Und wenn dann noch der Dokumentarfilm "I'm Greta" des schwedischen Kameramanns Nathan Grossman die drängende Wirklichkeit zeigt, verzeiht man die filmische Einfallslosigkeit zugunsten der Idee, dass das Weltveränderungs-Programm dieses Mädchens Thunberg zu wichtig ist, um ihr nicht über zwei Jahre zu folgen, bis ins Boot über den Atlantik zur Uno-Vollversammlung.

Für eine Pressekonferenz legte die 17-Jährige eine kurze Pause in ihren Schulalltag gelegt. "Wir müssen weiter über die Klimakrise sprechen und Veränderungen einfordern", sagte sie, als sie per Video zum Festival geschaltet wurde. "Wir behandeln die Krise immer noch noch nicht wie eine Krise", sagte sie.

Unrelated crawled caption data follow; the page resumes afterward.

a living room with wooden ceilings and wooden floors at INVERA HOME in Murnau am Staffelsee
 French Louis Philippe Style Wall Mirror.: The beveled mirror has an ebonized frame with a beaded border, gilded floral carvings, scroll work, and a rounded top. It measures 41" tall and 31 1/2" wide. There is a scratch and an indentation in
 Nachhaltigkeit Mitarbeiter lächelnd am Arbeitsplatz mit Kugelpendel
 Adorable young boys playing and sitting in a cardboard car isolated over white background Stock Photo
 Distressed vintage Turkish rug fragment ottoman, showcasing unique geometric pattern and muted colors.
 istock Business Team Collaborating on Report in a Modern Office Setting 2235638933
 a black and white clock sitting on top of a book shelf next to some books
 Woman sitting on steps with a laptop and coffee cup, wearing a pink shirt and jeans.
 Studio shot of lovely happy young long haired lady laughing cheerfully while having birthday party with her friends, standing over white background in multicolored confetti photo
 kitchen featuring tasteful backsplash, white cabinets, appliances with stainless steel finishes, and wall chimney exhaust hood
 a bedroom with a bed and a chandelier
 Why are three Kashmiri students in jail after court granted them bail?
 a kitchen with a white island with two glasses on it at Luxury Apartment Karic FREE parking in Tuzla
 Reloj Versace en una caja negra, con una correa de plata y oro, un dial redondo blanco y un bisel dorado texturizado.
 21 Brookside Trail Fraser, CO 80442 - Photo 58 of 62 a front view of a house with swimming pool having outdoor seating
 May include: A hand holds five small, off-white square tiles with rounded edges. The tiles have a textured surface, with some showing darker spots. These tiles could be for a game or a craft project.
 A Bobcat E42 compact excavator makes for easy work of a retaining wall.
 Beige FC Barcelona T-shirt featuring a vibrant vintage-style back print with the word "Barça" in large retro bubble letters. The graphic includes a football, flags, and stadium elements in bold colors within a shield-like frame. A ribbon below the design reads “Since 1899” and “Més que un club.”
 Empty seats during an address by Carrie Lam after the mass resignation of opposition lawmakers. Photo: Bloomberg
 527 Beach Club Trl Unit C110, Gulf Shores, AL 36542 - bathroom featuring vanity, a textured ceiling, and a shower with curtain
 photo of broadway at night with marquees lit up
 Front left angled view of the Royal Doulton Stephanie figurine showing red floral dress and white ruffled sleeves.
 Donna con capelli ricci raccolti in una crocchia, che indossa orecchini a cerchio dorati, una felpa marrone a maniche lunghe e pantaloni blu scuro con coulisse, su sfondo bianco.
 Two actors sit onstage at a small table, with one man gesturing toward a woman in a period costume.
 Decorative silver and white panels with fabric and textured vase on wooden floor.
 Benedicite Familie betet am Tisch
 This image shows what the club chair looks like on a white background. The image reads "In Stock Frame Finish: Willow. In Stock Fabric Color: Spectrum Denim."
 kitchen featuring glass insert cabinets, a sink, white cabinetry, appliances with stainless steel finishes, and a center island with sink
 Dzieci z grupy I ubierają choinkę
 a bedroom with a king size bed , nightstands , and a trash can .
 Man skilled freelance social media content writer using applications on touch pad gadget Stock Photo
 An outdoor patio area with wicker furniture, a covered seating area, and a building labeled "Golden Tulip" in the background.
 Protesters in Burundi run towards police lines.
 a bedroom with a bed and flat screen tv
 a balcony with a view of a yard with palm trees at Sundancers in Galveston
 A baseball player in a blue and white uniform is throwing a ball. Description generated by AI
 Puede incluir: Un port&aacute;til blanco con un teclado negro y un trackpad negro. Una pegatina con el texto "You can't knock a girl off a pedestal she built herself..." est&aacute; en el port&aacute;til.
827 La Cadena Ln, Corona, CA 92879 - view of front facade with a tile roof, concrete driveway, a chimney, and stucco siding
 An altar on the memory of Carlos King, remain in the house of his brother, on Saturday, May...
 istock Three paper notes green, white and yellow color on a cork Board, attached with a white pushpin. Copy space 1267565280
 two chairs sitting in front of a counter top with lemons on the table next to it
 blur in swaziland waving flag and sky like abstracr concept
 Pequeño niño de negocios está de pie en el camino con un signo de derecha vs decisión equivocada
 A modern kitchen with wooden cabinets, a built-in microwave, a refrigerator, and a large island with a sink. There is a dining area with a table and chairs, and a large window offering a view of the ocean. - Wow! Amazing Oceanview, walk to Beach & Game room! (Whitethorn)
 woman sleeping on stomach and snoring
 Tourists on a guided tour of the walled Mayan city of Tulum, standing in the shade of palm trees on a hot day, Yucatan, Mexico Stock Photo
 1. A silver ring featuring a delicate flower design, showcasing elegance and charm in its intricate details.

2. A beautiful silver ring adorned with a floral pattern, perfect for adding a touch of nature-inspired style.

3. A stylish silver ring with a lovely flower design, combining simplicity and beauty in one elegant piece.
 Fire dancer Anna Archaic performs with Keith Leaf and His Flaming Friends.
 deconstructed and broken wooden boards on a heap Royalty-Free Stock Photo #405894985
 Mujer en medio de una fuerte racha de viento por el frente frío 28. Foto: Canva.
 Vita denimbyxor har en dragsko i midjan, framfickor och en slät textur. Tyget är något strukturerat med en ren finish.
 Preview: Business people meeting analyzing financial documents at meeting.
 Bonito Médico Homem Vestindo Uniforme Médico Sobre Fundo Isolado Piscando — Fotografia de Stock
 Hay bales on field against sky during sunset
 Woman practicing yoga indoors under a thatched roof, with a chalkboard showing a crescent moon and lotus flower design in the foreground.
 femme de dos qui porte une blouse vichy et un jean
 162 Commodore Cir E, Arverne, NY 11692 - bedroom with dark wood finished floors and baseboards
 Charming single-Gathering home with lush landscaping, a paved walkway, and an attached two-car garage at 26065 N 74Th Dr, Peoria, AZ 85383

Mit Grossmans Film ist sie zufrieden. "Nathan zeigt mich, wie ich bin", sagte sie. Grossman zeige kein "wütendes, naives Kind", sondern eine "schüchterne und nerdige Person - und das ist die Person, die ich bin". Die Dokumentation könne vielleicht auch helfen, Zweifler zu widerlegen, die behaupteten, sie schreibe ihre Reden nicht selbst oder sei fremdgesteuert.

Während der Übertragung war sie in einem Raum vor einem Bücherregal zu sehen. Nach gut einer Viertelstunde entschuldigte sie sich:. "Vielen Dank - und nun muss ich zurück in den Unterricht."